Inconsciemment, je me penche pour l’observer de plus près, et je remarque un tatouage qui remonte le long de son cou. Il est noir et je n’arrive pas à distinguer ce que c’est, mais ma curiosité est piquée. Par réflexe, je tends la main vers son cou, puis je sursaute et secoue la tête, déglutissant et sentant la chaleur sur mes joues.

Mais qu’est-ce qui te prend, Nik ?

Jamais de ma vie je n’ai voulu toucher quelqu’un. L’idée même de toucher quelqu’un, ou d’être touché, m’a toujours fait paniquer, mon cœur battant à tout rompre et mon anxiété atteignant des sommets.

Alors pourquoi ? Pourquoi est-ce que ça m’arrive ?

C’est le dix septembre, le temps file, et mon anniversaire approche. Ça doit être le stress de l’anniversaire.

Votre premier exercice de l’année sera de vous lever, de vous présenter et de dire quelque chose d’intéressant sur vous, commence la prof, et je tourne la tête vers elle. — Par exemple, je suis Mindy Fidel, mais vous m’appellerez Madame Fidel. Un fait intéressant : j’aime faire du kayak et des randonnées en montagne.

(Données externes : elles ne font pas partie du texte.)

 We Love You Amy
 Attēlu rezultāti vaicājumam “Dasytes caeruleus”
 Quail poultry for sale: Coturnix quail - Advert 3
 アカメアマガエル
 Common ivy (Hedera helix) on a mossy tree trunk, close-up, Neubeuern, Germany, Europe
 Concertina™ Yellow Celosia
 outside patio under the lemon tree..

Les élèves se tortillent sur leurs sièges, beaucoup arborant des expressions d’ennui manifeste.

Nous commencerons par la rangée près de la porte et nous avancerons, rangée par rangée, pour vos présentations. Assurez-vous de vous lever et de parler fort, j’ai des problèmes d’audition, annonce Mme Fidel, en regardant la première personne assise au bureau de deux.

La personne commence, puis c’est au tour de la deuxième personne du bureau, et ça continue ainsi jusqu’à ce que la personne assise devant moi se lève pour faire sa présentation.

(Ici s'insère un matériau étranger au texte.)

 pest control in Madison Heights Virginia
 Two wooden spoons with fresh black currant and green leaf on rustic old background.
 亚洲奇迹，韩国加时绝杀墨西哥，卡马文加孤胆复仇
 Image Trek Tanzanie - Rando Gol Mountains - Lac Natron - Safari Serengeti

Mes mains sont moites, mes nerfs à vif, provoquant des frissons le long de mes bras. Le temps passe et je prie pour que le cours se termine, mais mes prières restent sans réponse. La deuxième personne du bureau devant moi se lève, donne rapidement sa présentation, puis se rassied. Je sens tous les regards se tourner vers moi, et mon cœur s’emballe.

Je tremble en me levant, mes doigts de la main gauche jouant nerveusement avec la peau morte qui pèle sur le pouce de ma main droite. Je l’arrache comme un réflexe nerveux et grimace en silence quand je me mets à saigner, mais ça ne me perturbe pas. J’ai l’habitude, ce qui est horrible, mais toujours mieux que mon ancienne manie de me ronger les ongles jusqu’au sang. La vue de mon propre sang me rend si faible que je ne peux même pas regarder les gouttes qui tombent de mon pouce.

Les gens commencent à chuchoter alors que je suis debout, incapable de prononcer un mot. Je ne sais pas quoi faire, alors je sors mon carnet avec des mains tremblantes. Mais je vois du sang de mon doigt tacher les pages que je feuillette, et je prends une inspiration coupante en me laissant tomber dans ma chaise bleu acier. Je ne peux pas regarder mon carnet, je…

Passez-le, c’est juste un muet bizarre, Madame Fidel.